Exercise prompt: Given the listing below, write out exactly the lines starting with the line that has "Efteling armbandje Pardoes, Verzamelen, Efteling, Ophalen" and going on through the line that has "Süßer Panda-Puppe Plüschtier-Puppe", both kept.
[Opening Records provided section]
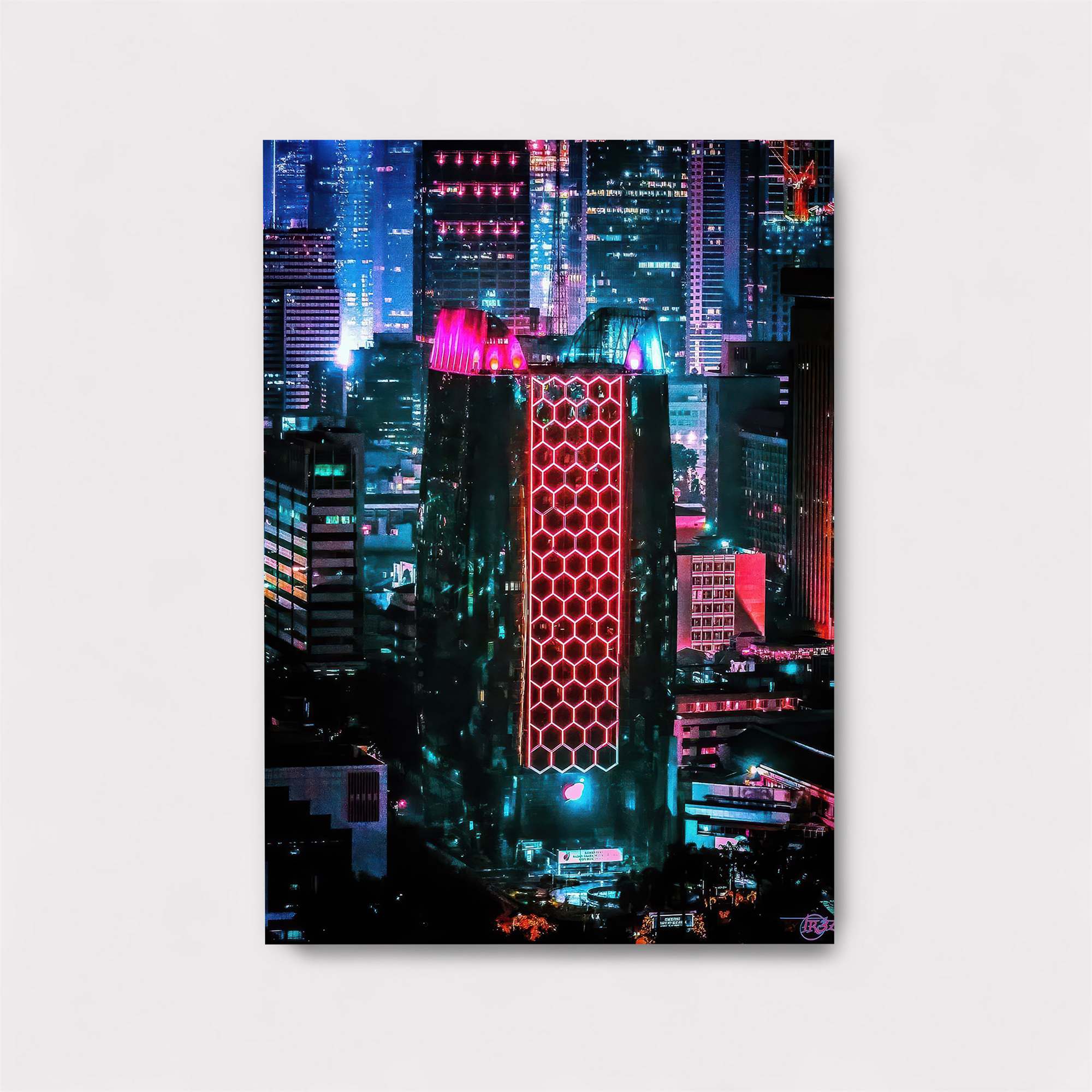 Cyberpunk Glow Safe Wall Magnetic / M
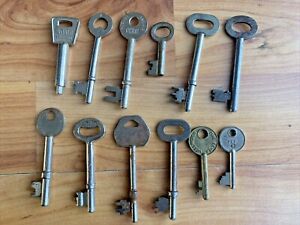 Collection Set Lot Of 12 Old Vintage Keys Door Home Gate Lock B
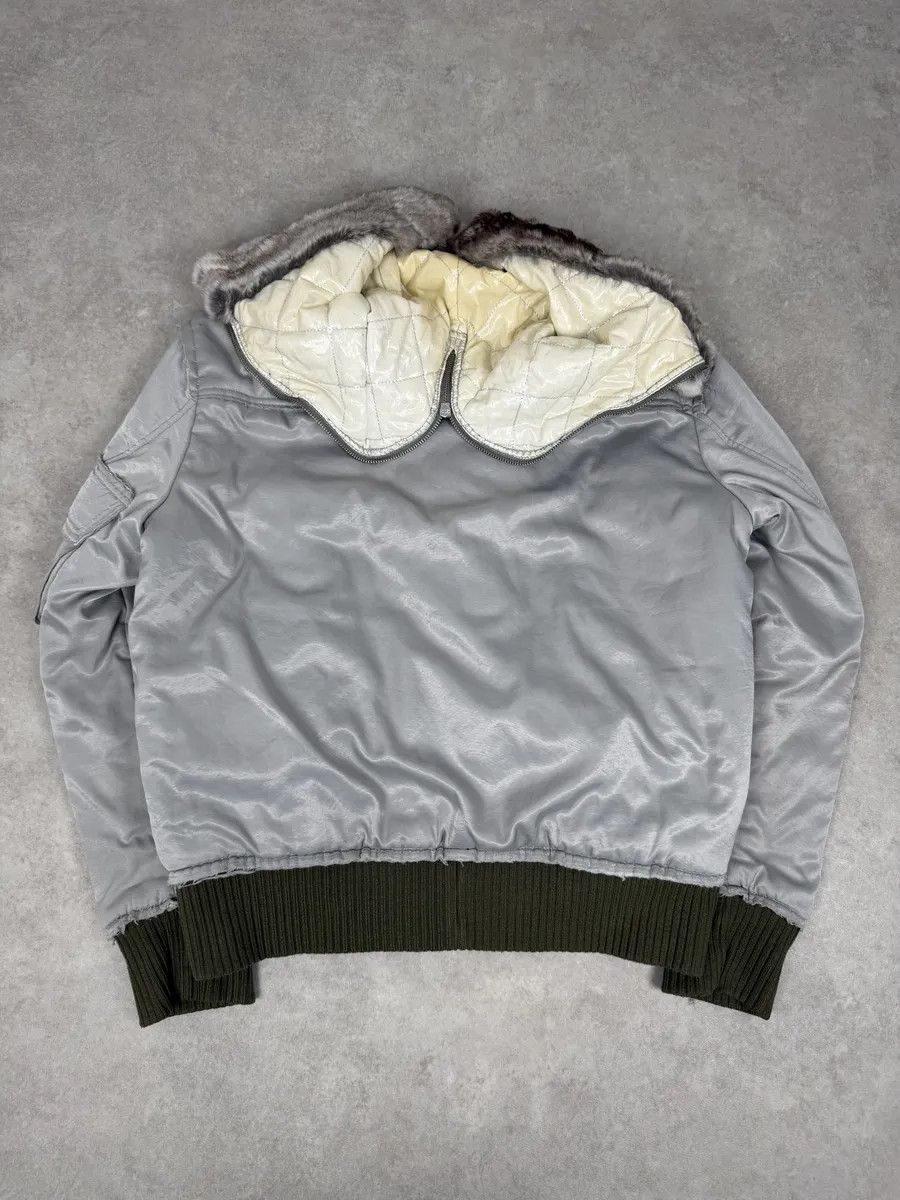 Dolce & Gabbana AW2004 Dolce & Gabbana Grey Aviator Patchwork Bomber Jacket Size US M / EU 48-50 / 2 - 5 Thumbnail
[Closing Records provided section]
[Opening Records provided section]
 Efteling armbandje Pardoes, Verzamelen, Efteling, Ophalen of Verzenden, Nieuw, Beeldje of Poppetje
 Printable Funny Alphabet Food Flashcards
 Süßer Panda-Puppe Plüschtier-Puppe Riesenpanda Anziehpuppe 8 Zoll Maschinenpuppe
[Closing Records provided section]
Reply:
 Efteling armbandje Pardoes, Verzamelen, Efteling, Ophalen of Verzenden, Nieuw, Beeldje of Poppetje
 Printable Funny Alphabet Food Flashcards
 Süßer Panda-Puppe Plüschtier-Puppe Riesenpanda Anziehpuppe 8 Zoll Maschinenpuppe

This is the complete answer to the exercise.